USA Freedom Act: New and (Not) Improved
Tomorrow, the House Judiciary Committee will mark up a new version of the USA Freedom Act. Sadly, like last year’s version, the new (and not improved) USA Freedom Act will do little or nothing to protect our freedom.
If Congress was serious about reigning in the surveillance state, they would be marking up the Surveillance State Repeal Act (HR 1466), which repeals the PATRIOT Act and the FISA Improvements Act. Any member of Congress looking for ideas on how to protect our liberties can also consults a letter Campaign for Liberty recently cosigned, along with several other groups from across the political spectrum, to the House and Senate Judiciary Committee, calling for the Committee to take real steps to protect our privacy and restore our Constitutional rights.
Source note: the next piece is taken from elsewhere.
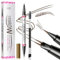 1 Stück Augenbrauenstift Wasserfest, 2-in-1 Dual-Ended Microblading Augenbrauenstift, Wischfest Eyebrow Pencil Kann Leicht Natürliche Augenbrauenfarbe (03#Dunkelbraun)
Text of letter here and below:
April 21, 2015
Dear Chairman Goodlatte, Ranking Member Conyers, Chairman Grassley, and Ranking Member Leahy:
We urge you to end mass surveillance of Americans. Among us are civil liberties organizations from across the political spectrum that speak for millions of people, businesses, whistleblowers, and experts. The impending expiration of three USA PATRIOT Act provisions on June 1 is a golden opportunity to end mass surveillance and enact additional reforms.
Current surveillance practices are virtually limitless. They are unnecessary, counterproductive, and costly. They undermine our economy and the public’s trust in government. And they undercut the proper functioning of government.
Meaningful surveillance reform entails congressional repeal of laws and protocols the Executive secretly interprets to permit current mass surveillance practices. Additionally, it requires Congress to appreciably increase transparency, oversight, and accountability of intelligence agencies, especially those that have acted unconstitutionally.
A majority of the House of Representatives already has voted against mass surveillance. The Massie-Lofgren amendment to the National Defense Authorization Act garnered 293 votes in support of defunding “backdoor searches.” Unfortunately, that amendment was not included in the “CRomnibus” despite overwhelming support. We urge you to act once again to vindicate our fundamental liberties.
End the NSA’s bulk collection of telephone information under the USA PATRIOT Act.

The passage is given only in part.